After a few seconds, during which neither of them broke the silence, she
seemed to understand that the reproof was over, and she quietly quitted
the room.
The man pushed the door to violently with his foot, and said in an accent
of angry scorn, "That is what is now called a wife."
Well, we have reached the mystery: we have found that it was a crime.

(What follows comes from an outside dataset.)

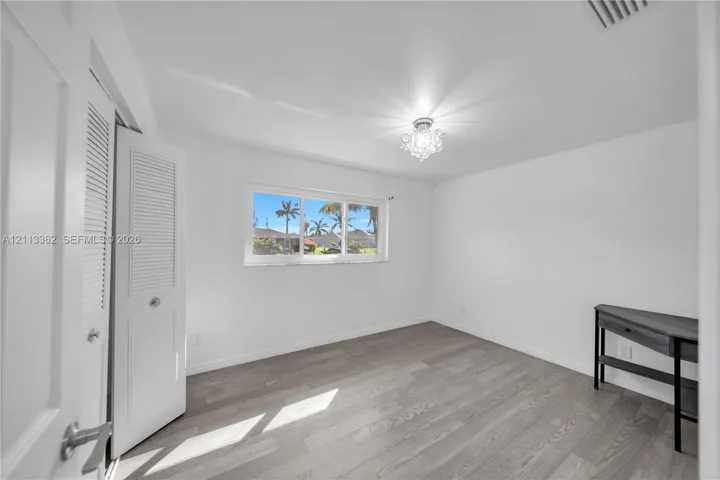 Wood-finish flooring, white louvered closet doors, multi-pane horizontal window, and decorative crystal-style ceiling fixture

In the working of social laws there occur countless cases of individual
hardship. The institution of marriage is as beneficent as the element of
fire; yet, like that, it sometimes tortures when it should only have
comforted.
The sufferer, if a woman, usually bears her smart tamely--with more or
less domestic fretting and private weeping indeed, but without violent
effort to escape from her bed of embers. Divorce is public, ugly and
brutal: her sensibility revolts from it. Moreover, mere unhappiness, mere
disappointment of the affections, does not establish a claim for legal
separation. Finally, there is woman's difficulty of self-maintenance--the
fact that her labor will not in general give her both comfort and
position.
What then? Unloved, unable to love, yet with an intense desire for
affection, and an immense capacity for granting it, her heart is tempted
to wander beyond the circle of her duty. A flattering shape approaches her
dungeon-walls; a voice calls to her to come forth and be glad, if only for
a moment; there seems to be a chance of winning the adoration which has
been her whole life's desire; there is an opportunity of using the
emotions which are burning within her.